■ Problem requirements: Would you print the lines below exactly, beginning at the line that has "So you can combine" and stopping after the line that has "Complex forms are"? Only those lines, and no pictures.

■ Supplied information:
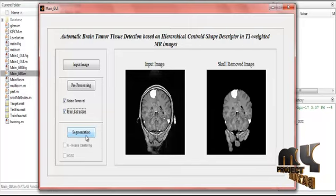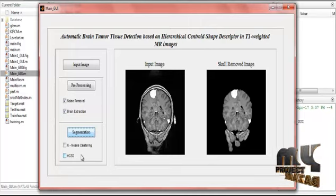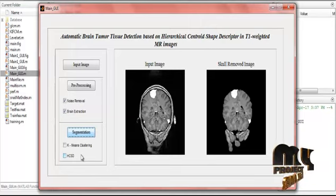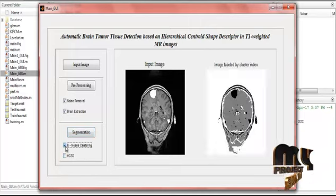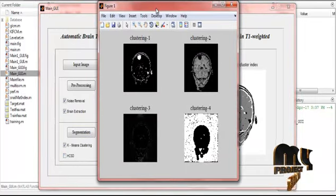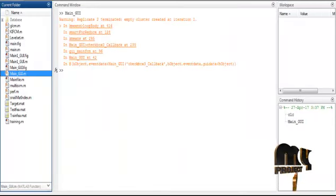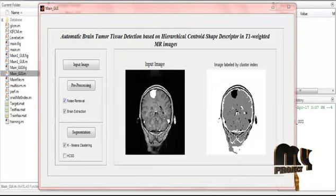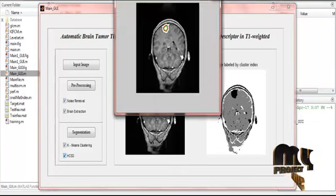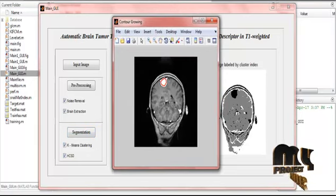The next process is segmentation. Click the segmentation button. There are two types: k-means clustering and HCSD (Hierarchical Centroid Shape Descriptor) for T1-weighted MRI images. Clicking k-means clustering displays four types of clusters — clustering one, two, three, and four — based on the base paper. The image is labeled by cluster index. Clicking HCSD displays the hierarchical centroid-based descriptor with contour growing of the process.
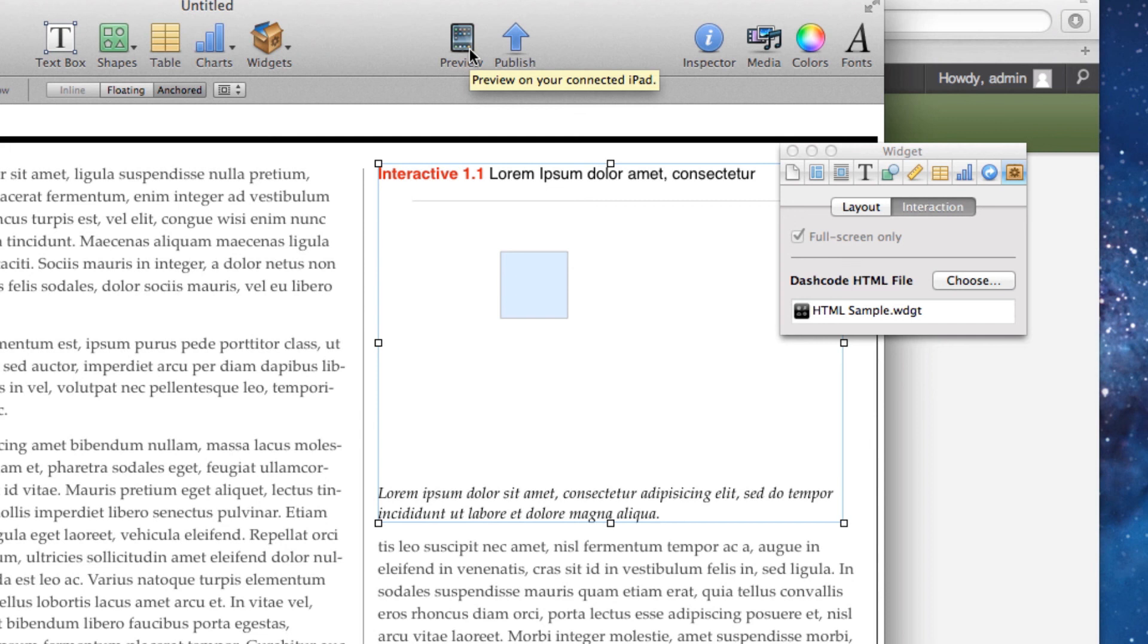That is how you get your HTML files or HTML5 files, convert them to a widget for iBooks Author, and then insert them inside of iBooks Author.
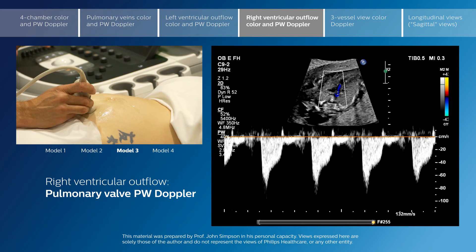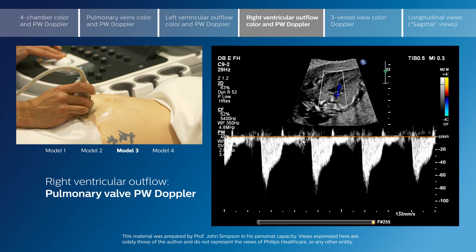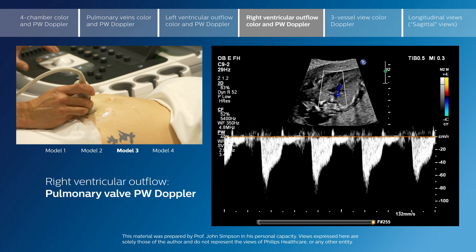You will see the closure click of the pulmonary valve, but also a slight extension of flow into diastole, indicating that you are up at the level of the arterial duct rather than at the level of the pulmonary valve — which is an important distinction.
* * *
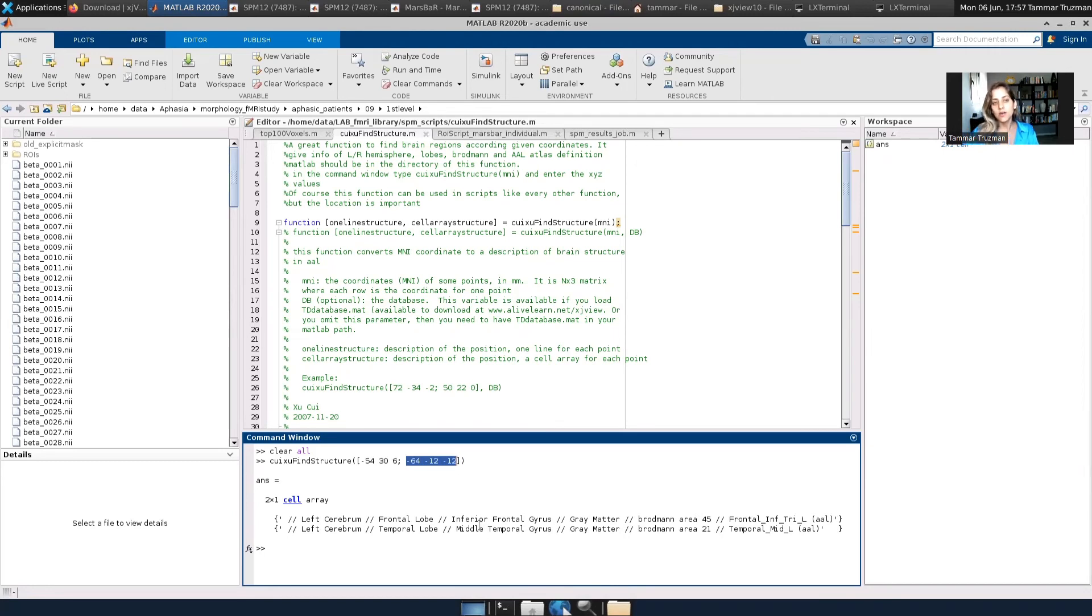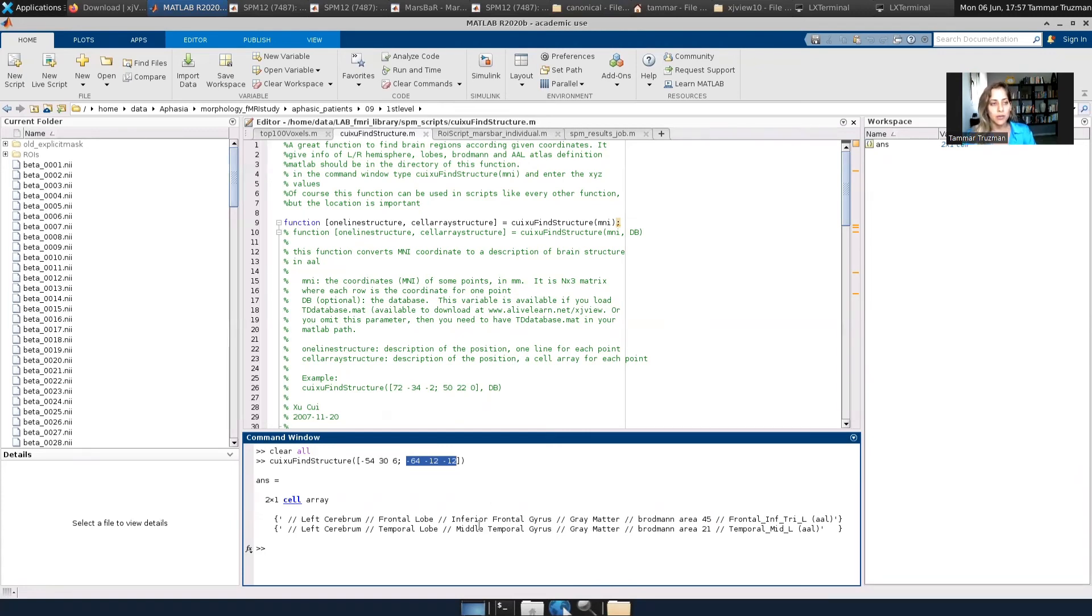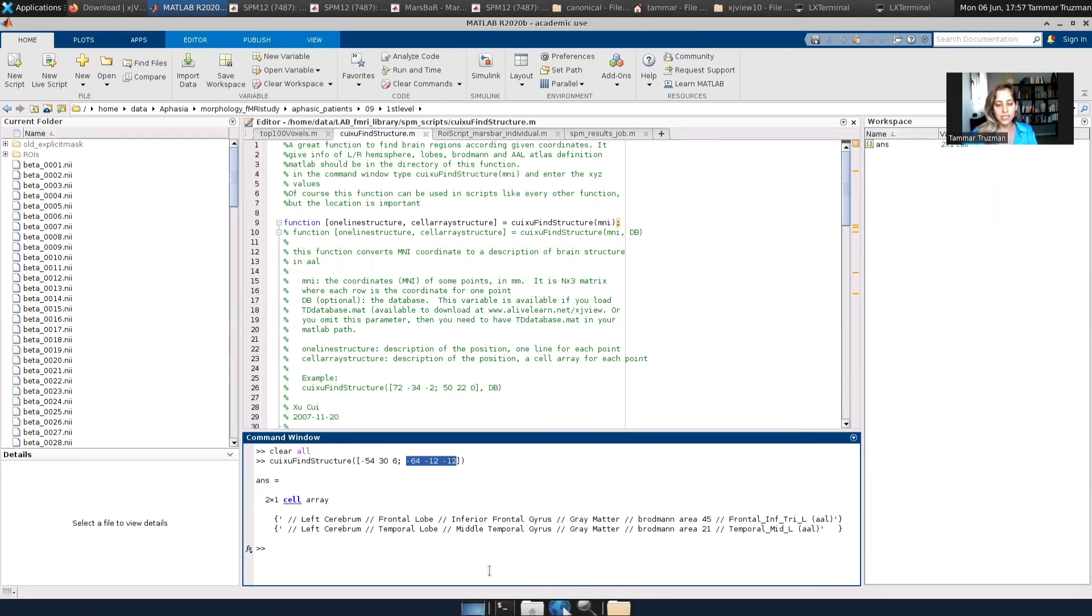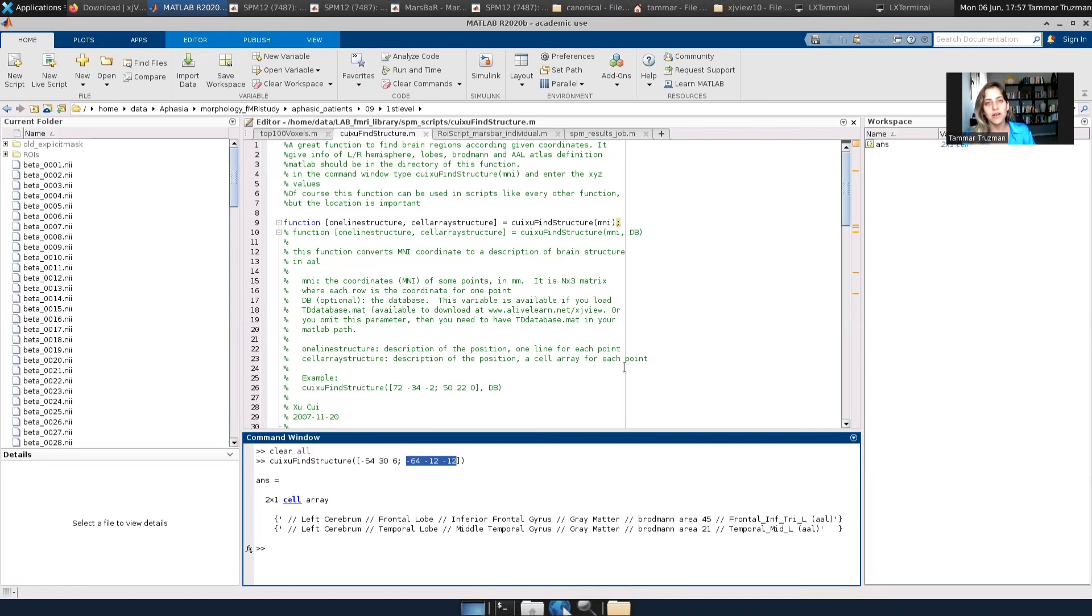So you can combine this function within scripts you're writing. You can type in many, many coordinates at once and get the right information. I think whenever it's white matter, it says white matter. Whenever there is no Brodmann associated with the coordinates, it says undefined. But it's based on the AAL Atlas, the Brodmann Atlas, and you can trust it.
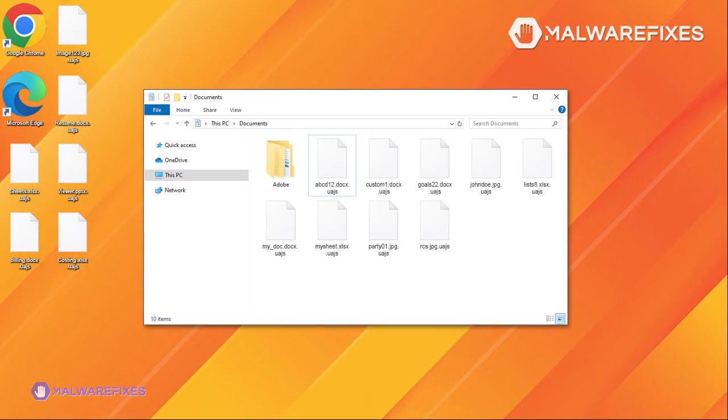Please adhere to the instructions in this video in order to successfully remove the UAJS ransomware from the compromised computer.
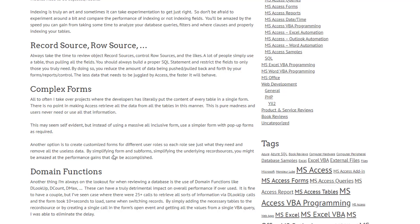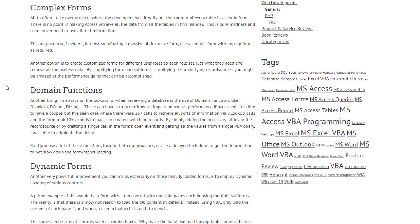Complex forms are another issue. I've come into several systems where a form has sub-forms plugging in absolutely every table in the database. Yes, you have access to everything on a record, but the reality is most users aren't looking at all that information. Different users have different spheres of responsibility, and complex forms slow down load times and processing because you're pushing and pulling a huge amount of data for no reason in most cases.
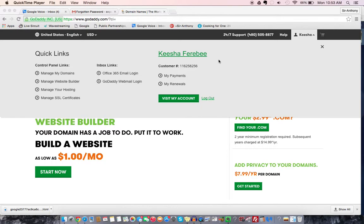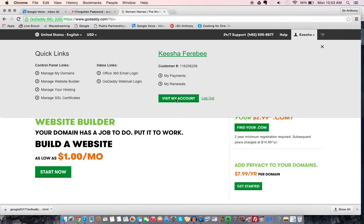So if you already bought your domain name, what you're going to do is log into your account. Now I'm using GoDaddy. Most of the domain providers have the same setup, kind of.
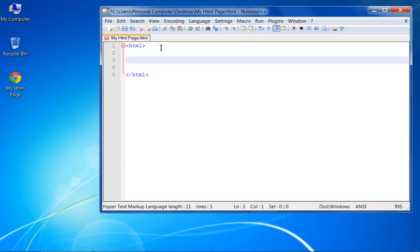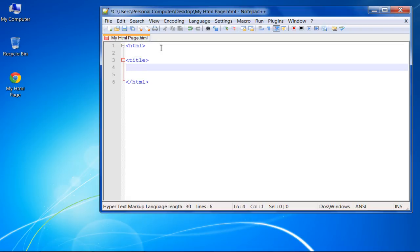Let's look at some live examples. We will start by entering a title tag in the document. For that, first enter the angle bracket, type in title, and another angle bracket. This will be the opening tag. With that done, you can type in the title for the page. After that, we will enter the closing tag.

■ Answer section:
So you can combine this function within scripts you're writing. You can type in many, many coordinates at once and get the right information. I think whenever it's white matter, it says white matter. Whenever there is no Brodmann associated with the coordinates, it says undefined. But it's based on the AAL Atlas, the Brodmann Atlas, and you can trust it.
Please adhere to the instructions in this video in order to successfully remove the UAJS ransomware from the compromised computer.
Complex forms are another issue. I've come into several systems where a form has sub-forms plugging in absolutely every table in the database. Yes, you have access to everything on a record, but the reality is most users aren't looking at all that information. Different users have different spheres of responsibility, and complex forms slow down load times and processing because you're pushing and pulling a huge amount of data for no reason in most cases.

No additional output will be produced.